I can’t find half of my belongings after our move and a summer up north, but I had the wherewithal to set aside a pair of the girls’ old tap shoes and today I walked over to the Fine Arts Building where there is a dance studio overlooking Michigan Avenue. I took a class called Grown and Sexy Tap. We made rhythms with our feet, toes and heels. We watched, learned and tried new things.We honored those dancers who came before us, Bill “Bojangles” Robinson, The Nicholas Brothers, and Idella Reed-Davis.
My mom wanted my sister and I to have our tap shoes handy for all occasions. She envisioned us more in the Ruby Keeler genre, Fred and Ginger or maybe Shirley Temple. It wasn’t until later in life she told us she had an opportunity to dance professionally and my grandma and my dad discouraged her or didn’t allow her to go. This small story, told once when she was about 83, was such a window into my mom’s encouragement over my sister’s and my dance lessons. She was never a stage mom; she just thought that any family occasion should warrant a “show”.

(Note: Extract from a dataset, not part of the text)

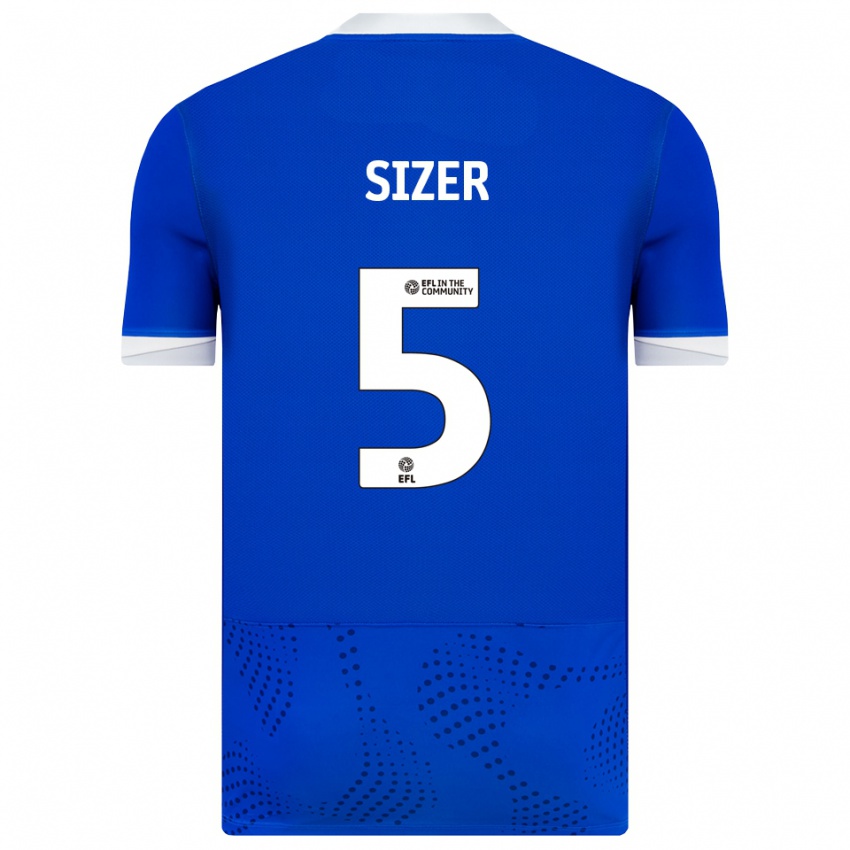 ילדים Ashton Sizer #5 כחול לבן ג'רזי ביתית 2025/26 חולצה קצרה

As petulant teens we resisted her pleas and moved away from tap dancing, but we both came back to it later in life. It is this ebb and flow between parents and children that is so amazing. We never know when something will emerge that was hidden under all that “need to be defiant, do my own thing, you don’t know what your talking about” person. I have confessed to my sister that I now realize that many times my mom was right about something, but we held on to that streak of independence so fiercely. So maybe green eye shadow in 8th grade was a bad idea, or cutting bangs, or wearing big clogs to a job interview or my sister playing outside in her go-go boots. But you figure this stuff out and you look back and realize it almost had to happen that way.